Work to be completed: Go through the entries below and print, exactly, the lines starting at the one with "Big Pony Polo Carib Hoodie" and ending at the one with "Crystal Lepidoptera T-Shirt", keeping both ends and no others.

Material provided:
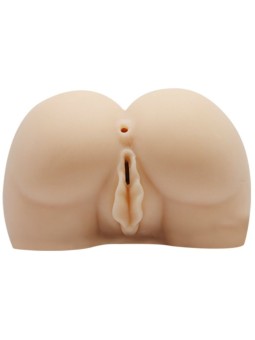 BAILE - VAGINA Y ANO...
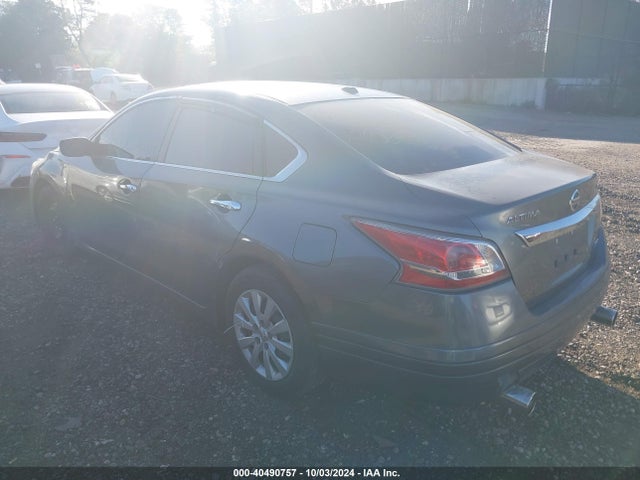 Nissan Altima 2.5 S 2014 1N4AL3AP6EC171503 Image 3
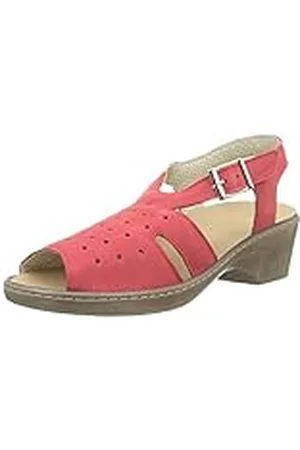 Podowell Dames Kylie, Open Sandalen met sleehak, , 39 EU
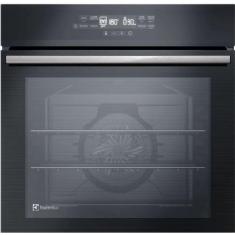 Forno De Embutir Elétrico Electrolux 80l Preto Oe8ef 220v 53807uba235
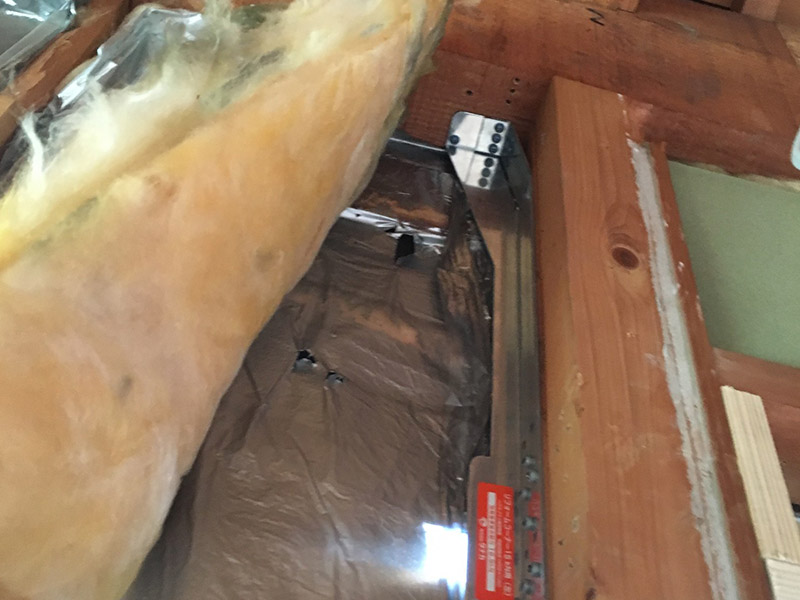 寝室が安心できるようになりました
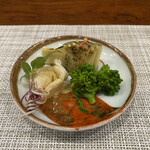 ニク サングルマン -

* * *

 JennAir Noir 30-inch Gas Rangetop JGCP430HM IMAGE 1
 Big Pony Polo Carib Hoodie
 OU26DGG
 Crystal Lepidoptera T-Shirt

Finished task:
 Big Pony Polo Carib Hoodie
 OU26DGG
 Crystal Lepidoptera T-Shirt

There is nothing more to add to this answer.